This inteview was conducted at the Yashodhara Ashram in British Columbia, Canada on the beautiful Kootenay Lake.This is part 3 of 3 parts.

(Some sections have been edited for grammar.)

Candess:  When you are talking about that, some of the yogas like the Divine Light Invocation is one of the tools I have been using here and there are so many tools. It has been incredible. What is one of your favorite tools?

Swami Samayananda: For me, one of my favorites is Mantra. I have had a mantra practice since early 1980s. I also do my practice with a harmonium, which I like. There is that whole practice of having an instrument. I tend to be restless by nature so it gives my hands something to do. Also, singing has been a big part of my life. To be able to channel all of that into the mantra and to have a practice like that that doesn’t get old, it just keeps getting deeper and deeper and it feels to me like a dear friend. It is where I go each day and it offers me tremendous support.

Candess:  I love the Satsang. The chanting and the mantra is so beautiful. I have a book coming out in January that is called 12 Weeks to Self-Healing: The Gift of Pain. What way would you say that one of the Yoga practices would be helpful in self-healing?



Swami Samayananda:  Swami Radha wrote a book called The Yoga of Healing.  In it, there are several chapters. Some I remember are working with the Light. It is a small book and at the end of each chapter it has four practices you can do. The first one is on the Light and the Divine Light Invocation is one practice. There is also a section on breath. We know that connection with breath and our own healing and when we get anxious, the breath shortens, shortens, and shortens. That is not healthy for the body. Working with breath is healthy and calming for the body. Also, Hatha Yoga, especially when it I approached from more than the physical. What is my body saying to me as I am going into the pose and doing the pose. Mantra, absolutely for sure. Especially the Hari Om mantra is a healing mantra. Using mantra is healing as well. Relaxation is very healing. Those are a few.

Candess: That is great! One of the reasons I came her is to rest. I had been pushing myself too hard. We had a whole day on learning to rest. I learned so many tools that I would not have known before. It’s been very helpful.

If someone wanted to go on retreat here, what would be the best way for them to find out about the programs?

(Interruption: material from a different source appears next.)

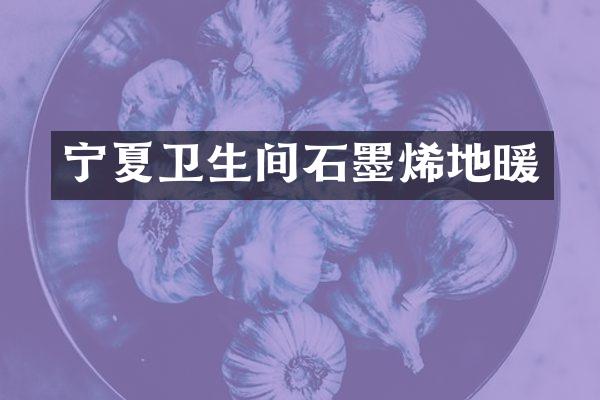 宁夏卫生间石墨烯地暖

Swami Samayananda:  The best way would be to go to our website and just take a look at what we offer. There is a whole range from weekend workshops to 3 day retreats, 4 day retreats, 10 day retreats like you are on now, to our 3 month Yoga Development Course. There is just about something for everybody. Our basic retreats really introduce people to the practices we offer here, Swami Radha’s teachings. There are some specific ones, like we have one coming up called the Inner Life of Asanas which is a way of going deeper with the Hatha Yoga practice. We had one this summer not too long ago called Facing Change, Exploring Options, so there are lots of different ways for people to come and be here. People can also come on private retreat and join with us for a couple hours in Karma Yoga so they feel connected in the community. The rest of the times, they can enjoy the prayer rooms. It is beautiful as you said. The trails, the lake, the Temple, the library are all available for people when they are here.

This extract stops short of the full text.